Thousands of seniors in B.C. receive provincially subsidized home-care support, but the province’s Seniors Advocate says people who speak little or no English have trouble receiving those services in their native tongue. That leaves them with home care that can’t meet their needs, or unable to obtain such help in the first place.
“There are two issues: You don’t get it, or you’re getting it but it’s more frustrating for you,” said Isobel Mackenzie, B.C.’s Seniors Advocate.
That reality has prompted calls for more provincial funding to increase the availability of culturally and linguistically appropriate services for seniors. But Ms. Mackenzie argues that the system needs a fundamental redesign.
Twenty per cent of home support clients in the province do not speak English, she said, compared with about 30 per cent of British Columbians who primarily communicate in other languages.
“So what that is telling us is that there would appear to be people disproportionately not accessing home support who speak an immigrant language primarily.”
The paucity in service pushed the Lams to seek help elsewhere. The couple is among more than 80 families in B.C. that have been assisted by the Gaia Community Care and Wellness Society, a Richmond-based charity dedicated to supporting Chinese and other seniors and family caregivers who belong to minority ethnic groups.
The organization’s volunteers have paid about 240 home visits to seniors of Chinese descent since November, many of whom live in single-room dwellings in Vancouver’s Chinatown.
Language “is a very big issue,” said Gaia’s executive director Percy Wong, adding that the vast majority of seniors they help have encountered language barriers.
Dr. Karen Kobayashi, a professor in the Department of Sociology and a research affiliate with the Institute on Aging and Lifelong Health at the University of Victoria, said much of the government’s funding goes toward standardized services that aren’t tailored to the individual needs of patients.
“You cannot send in a non-Chinese-dialect-speaking or a non-South-Asian-dialect-speaking worker into the home of older immigrant adults from these communities and expect them to thrive or to benefit from the service to the same degree as if you sent a front-line worker who was from their own ethnic, cultural background,” she said.

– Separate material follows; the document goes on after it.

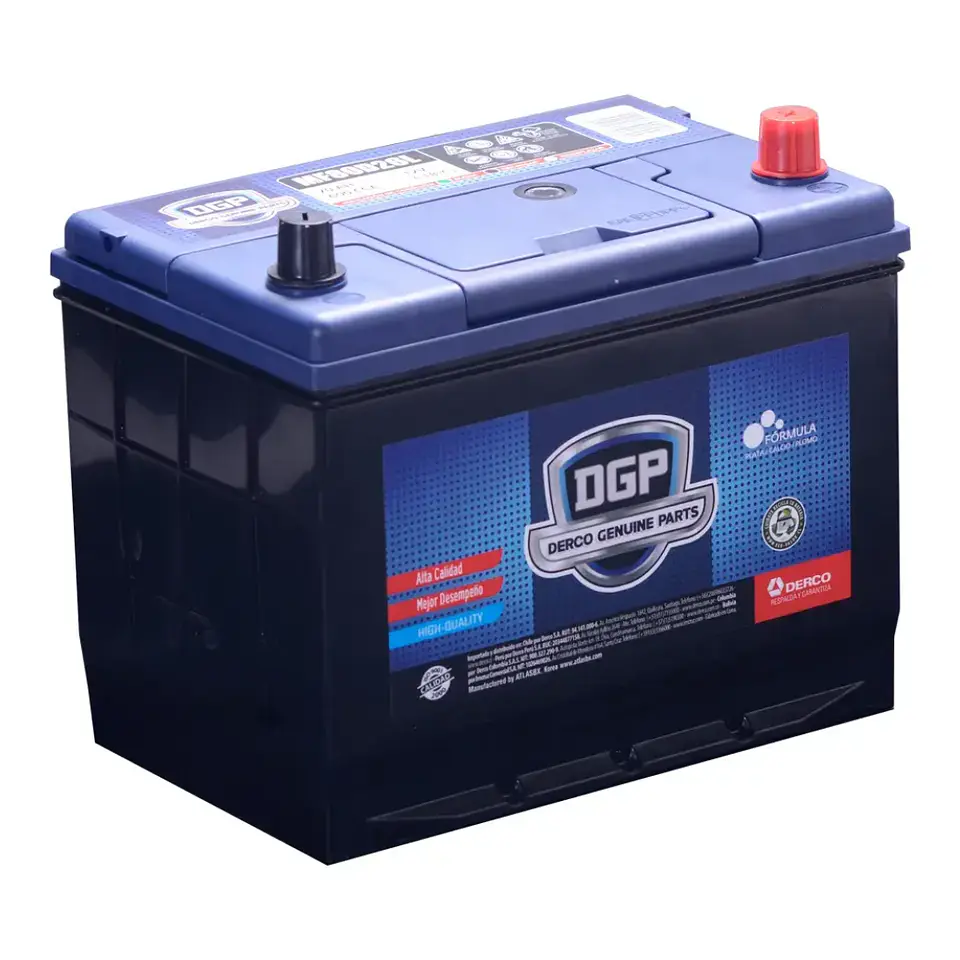 BATERIA MF80D26L 70AH 600CCA DGP 1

Both Dr. Kobayashi and Mr. Wong, who has extensive experiences in senior care domestically and abroad, are calling on the government to hire more staff that can provide linguistically and culturally appropriate services.

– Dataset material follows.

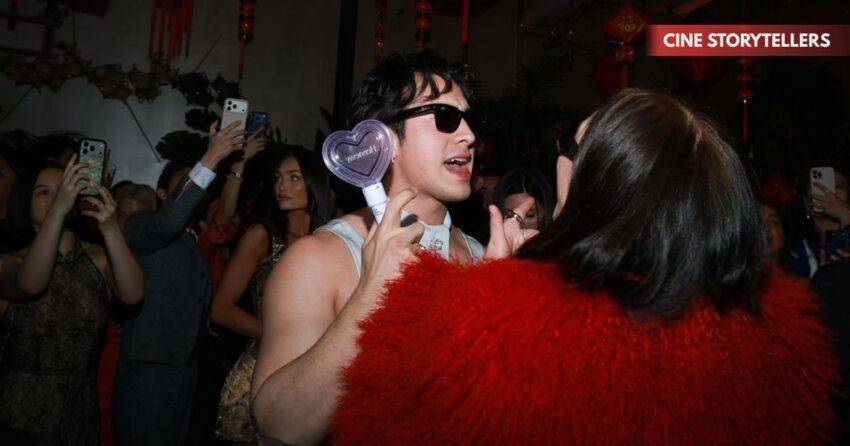 Hudson Williams and Lola Tung Spark Buzz at Lunar New Year Event - Full Story & Fan Reactions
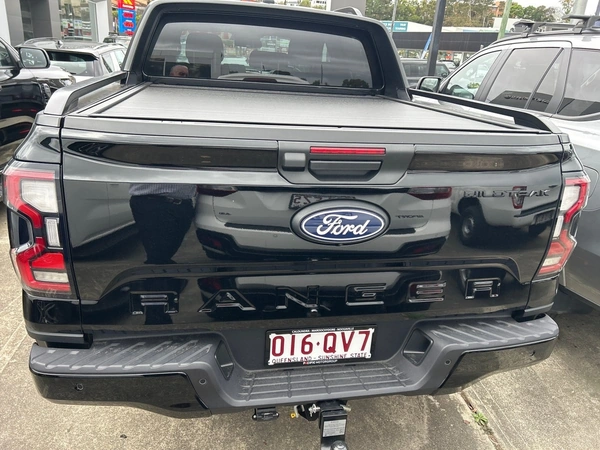 2026 Ford Ranger Wildtrak Diesel Automatic 4WD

“The government needs to provide more resources … because the population is going to become increasingly diverse,” Dr. Kobayashi said. “I think the changes that we need to make is to unstandardize these programs and services. In other words, we need to, first of all, create a more equitable system.”
A survey conducted by the Seniors Advocate office shows that among staff for long-term care and assisted-living facilities, 76 per cent considered English to be their first language, 21 per cent did not, and 3 per cent preferred not to answer. But neither it nor the province’s Ministry of Health has data on the language proficiency of home support caregivers.
Ms. Mackenzie said she does not think there has been a proper inventory of language proficiencies among home-care aides in a formal way. “And that would be helpful.”
She agrees that hiring more staff who can provide culturally and linguistically appropriate services could also be beneficial, but added that in practical terms it’s going to be challenging for some of the less-common languages.
A better approach, she said, would be for the government to allow direct funding to clients, so that families can hire their own care aide if their loved ones don’t speak English.
Sharon Koehn, adjunct professor in the Department of Gerontology at Simon Fraser University, said language is just one piece of improving cares for seniors from minority ethnic communities.
“Everyone talks about language and language is huge, but it’s not the only thing. It’s more about having quality care that is consistent, that is respectful. It is anti-oppressive in its orientation.”
Based on her years of research on long-term care and assisted living, Dr. Koehn believes those “big, systemic” issues in the care system, such as the lack and inconsistency of staff, disproportionately disadvantage elders with minority backgrounds.
They particularly need time with the same caregivers because of their communication issues and cultural differences, she said.
“It’s not just a minority problem. It’s an everybody problem, but it’s especially that for ethnocultural minorities.”
The B.C. government is examining options to improve and expand home health services, including suggestions from the Seniors Advocate related to direct client funding and improving continuity of care providers, the Ministry of Health said in a statement, adding that health authorities assign home support workers based on language preference whenever possible. In 2020/2021, according to a Seniors Advocate report, 132,801 people received professional home care services.